Aber die uni mit dem Wifi zu vergleichen..... sehr gefährlicher und fragwuerdiger vergleich....
Aber die uni mit dem Wifi zu vergleichen..... sehr gefährlicher und fragwuerdiger vergleich....
ich denke, dass der vergleich durchaus berechtigt ist. klar gibt es kurse, die "ihr geld nicht wert wären" - das ist beim wifi größtenteils anders, da geb ich dir recht.
aber wieso soll bildung auf der uni (und dass man bildung erwirbt, kannst du nicht bestreiten) komplett gratis sein?
Ists gratis? Was soll der Staat anbieten? Wie wuerds dem Staat denn gehen, wuerde niemand mehr studieren? Wollen wir ein system wie in amerika, wo die reichen auf die guten unis gehen, und die armen sich das nicht mehr leisten können, oder sich schwer verschulden muessen, um sich eine gute ausbildung zu ermöglichen?
Was wäre mit innsbruck ohne den studenten? Arbeitsplätze, etc, etc, etc
da sind so viele fragen und probleme, und dann die uni mit dem wifi zu vergelciehn, scheint mir einfach wirklich nicht angebracht
Ists gratis? Was soll der Staat anbieten? Wie wuerds dem Staat denn gehen, wuerde niemand mehr studieren? Wollen wir ein system wie in amerika, wo die reichen auf die guten unis gehen, und die armen sich das nicht mehr leisten können, oder sich schwer verschulden muessen, um sich eine gute ausbildung zu ermöglichen?
für mich ist der vergleich mit amerika zu weit hergeholt - da sind wohl noch welten dazwischen!!
ich schlucke auch jedes semester wieder, wenn ich die studiengebühren einzahle. natürlich zahlt man das nicht einfach so aus der kaffeekasse. aber wenn man so schaut, wofür studenten sonst geld haben, tut mir niemand leid. meiner meinung nach sollte einem bildung schon auch etwas wert sein.
und der vergleich mit den "reichen" in amerika, die sich bildung leisten können ist schlichtweg falsch. in österreich gibt es so viele möglichkeiten, zumindest die studiengebühren rückerstattet zu bekommen, wenn es finanziell wirklich nicht möglich ist - es wird niemanden geben, der nur wegen den studiengebühren nicht studieren kann.
csaf4003 03.10.2005, 14:45 Bezogen auf zers, nicht auf engerls Beitrag:
Oje, gefährliches, populistisches Halbwissen: In Amerika studieren entgegen deiner Verallgemeinerung nicht nur die Reichen, wie du das behauptest - ganz im Gegenteil. Ein größerer Anteil als sonstwo auf der Welt geht in Amerika auf die Uni, ein Drittel der Undergraduate-Studenten stammt aus einer Minderheitenrasse. Über 20% kommen von Familien mit Einkommen in der Gegend, respektive unterhalb der Armutsgrenze. Da kann von ausnahmslos Reichen wohl nicht gerade die Rede sein. Außerdem gibt Amerika rund doppelt soviel (Anteil am BIP) für Bildung aus als Europa.
Der Hauptunterschied liegt in der Organisation. In Amerika verlangen sie für Bildung Geld (RICHTIG SO!!!) und erlauben es so den Universitäten, diese wie ein Unternehmen zu führen und die so lukrierten Mittel in die eigene Uni zu investieren. Unsere lächerlichen 380 EUR sind doch ein Witz, in GB zahlt man für ein Jahr sogar 3000 Pfund. . .
Warum stammen wohl 17 von 20 der Top-Unis weltweit aus den USA?
ich will aber nicht 3000 pfund bezahlen, und in amerika machen viele studenten hohe schulden, um sich das studium leisten zu können.

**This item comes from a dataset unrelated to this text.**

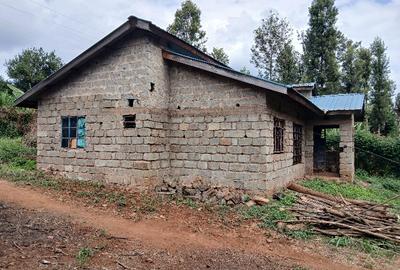2 Bed House at Embu-Meru Highway - 3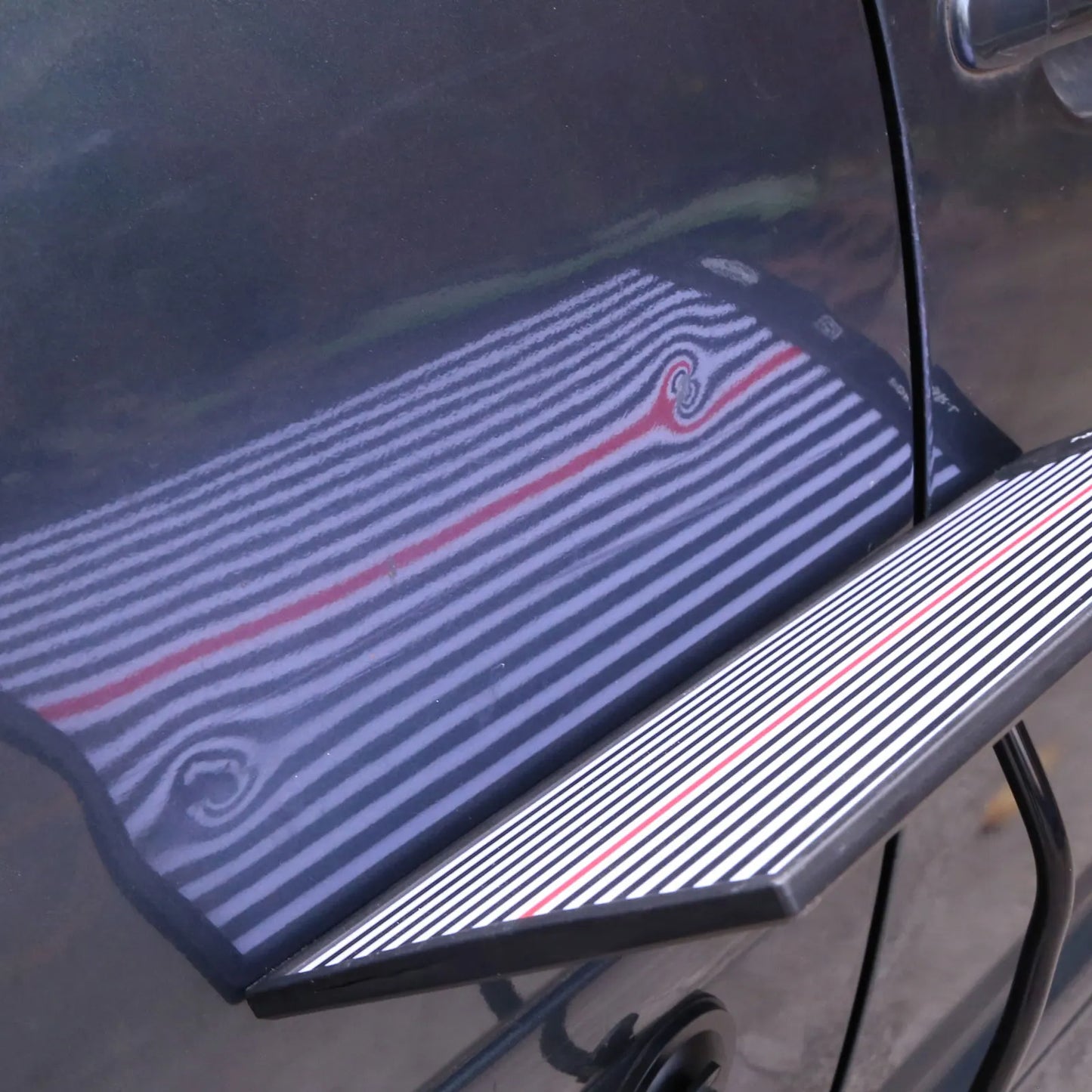 Super PDR Car Body Paintless Dent Repair Tool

ich will aber nicht 3000 pfund bezahlen
also der beitrag ist jetzt etwas unqualifiziert....... kannst du das näher erklären?

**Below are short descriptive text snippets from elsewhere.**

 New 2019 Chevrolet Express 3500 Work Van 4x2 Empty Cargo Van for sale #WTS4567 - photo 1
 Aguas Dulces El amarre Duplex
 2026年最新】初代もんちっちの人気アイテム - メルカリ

"ich will aber nicht 3000 pfund bezahlen"......? ist das ein argument oder zu vergleichen mit einem kleinkind, das sagt "ich will aber keine schokolade"?

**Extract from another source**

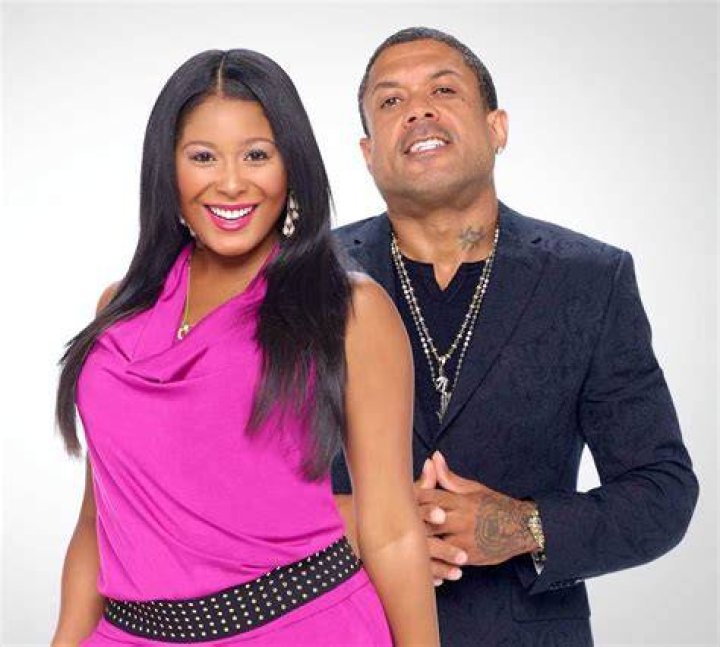 Are Althea Heart And Benzino Still Together? Popular Singer Love Life And Relationship Now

wenn es immer nur ums "wollen" ginge, wäre wohl vieles anders :)
csaf4003 03.10.2005, 15:20 Das ist richtig, daß viele Schulden machen. Nichtsdestotrotz ist das eine nachhaltige Investition in die Zukunft, die eigentlich dem kurzfristigen Denken weitaus höher gestellt sein sollte.
Wenn man sich darüberhinaus über Gegebenheiten in einem anderen Land informiert, wird man herausfinden, daß in GB sämtliche Studiengebühren erst zurückgezahlt werden müssen, wenn man später eine Verdienstgrenze von 15.000 Pfund überschreitet.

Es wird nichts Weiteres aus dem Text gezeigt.